Low hanging fruits for Artificial Intelligence

The subject of artificial Intelligence and many interesting domains are available. Speech recognition, self-driving cars, biped walking robots and cognitive architectures are only a few example. Especially for beginners in the domain it's important to know which kind of domains can be ignored, because they are too complicated and not understood quite well. This allows to focus on the remaining problems which are located within artificial intelligence and can be solved with success.

One example for an easy to automate task is a metro monitoring device. That's an onboard computer who creates a logfile for a metro or a subway in a city. This kind of task contains of many different assumptions. The first one is, that "Automatic train operation" domains are much easier to formalize than self-driving cars or biped robots on an unexplored island. The train network in a city, is fixed, well known and won't change in the next 20 years. Additionally, there are no obstacles and everything is defined by rules. Secondly, instead of programming a software which can operate the train automatically, it's much easier to monitor a human operator who is doing the task. That means, the software is doing nothing, but has the only task to observe the human.

From a technical point of view, the realtime task is about recording existing raw data in a machine readable format. In each second the subway has a speed value, a position and a status, for example the doors can be closed or open. The overall situation can be monitored similar to the EEG of a human body. The next step is to parse the data stream and convert the information into semantic information. For example, to detect if the train is fulfilling the plan, if an emergency is there and so on.
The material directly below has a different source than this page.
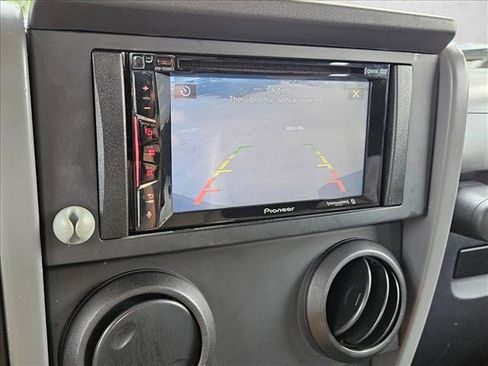 Used 2009 Jeep Wrangler X AWD/4WD image 14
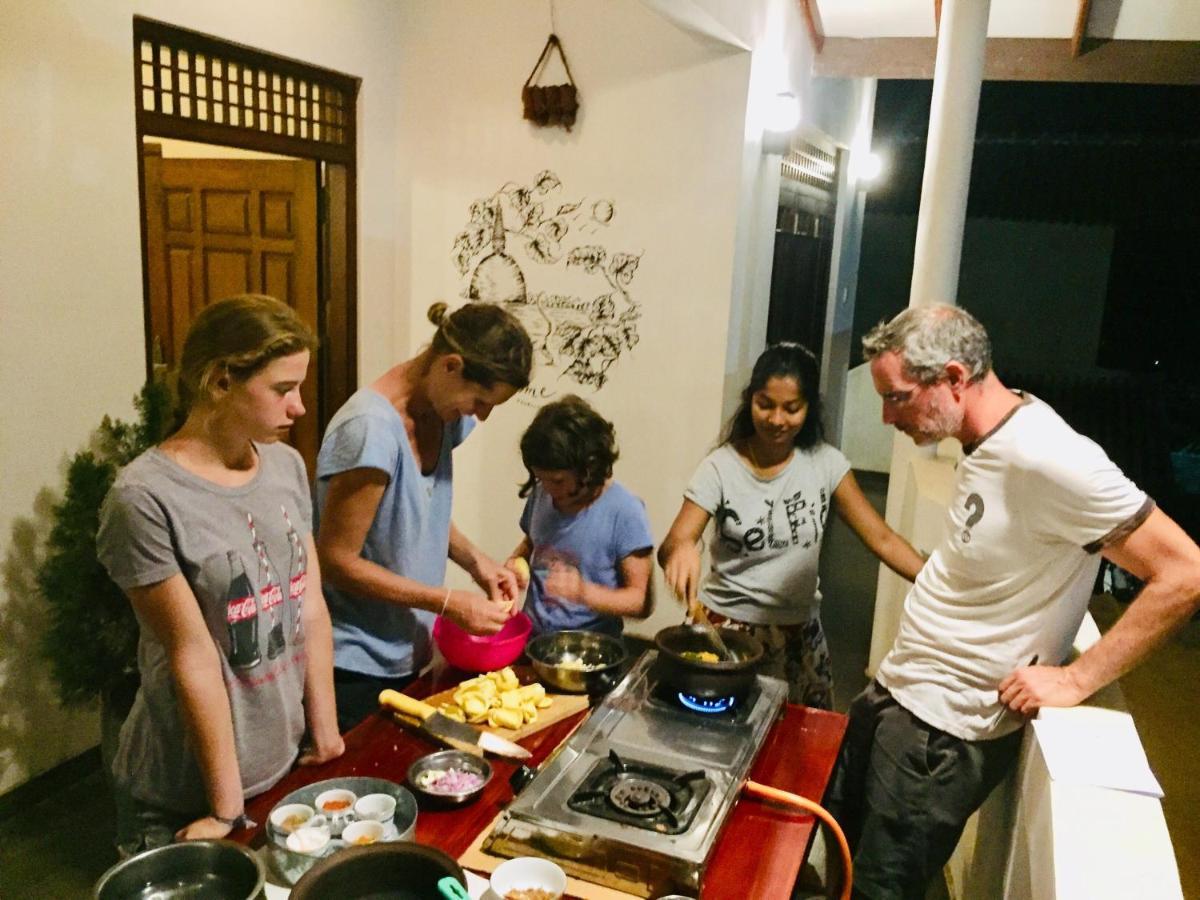 Sweet Home Tourist Rest, Cooking Classes & Tours Анурадхапура Екстериор снимка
The most interesting aspect of this task is, that the technical side isn't too advanced and at the same time it's a useful application. That means, the real subway will profit from the project. Such a black box is calle Train event recorder.

Rush hour

From a mechanical side, a subway train is not very interesting. The technology was invented decades ago and is sold out-of-the box. What makes subway trains interesting is a special use case, called rush hour. In the morning and in the evening lots of people are crowed at the platform. They are waiting for the incoming train, and they are leaving the train, if they have arrived.

The problem is not located in the train itself, but it has to do with capacity. The number of people who are requesting a service is higher, than the free stand places in the subway, as a result there is a traffic jam. The commuter are loosing their spare time and have to wait together with random strangers until a random train comes in. Most people at the station doesn't know the technical details of the subway. They are not aware of how much electricity the subway needs, if the system is older or newer or what the maximum speed is. The thing they are asking for is, why they have to wait. Why it takes so long and why so many people are driving at the same time with the same train.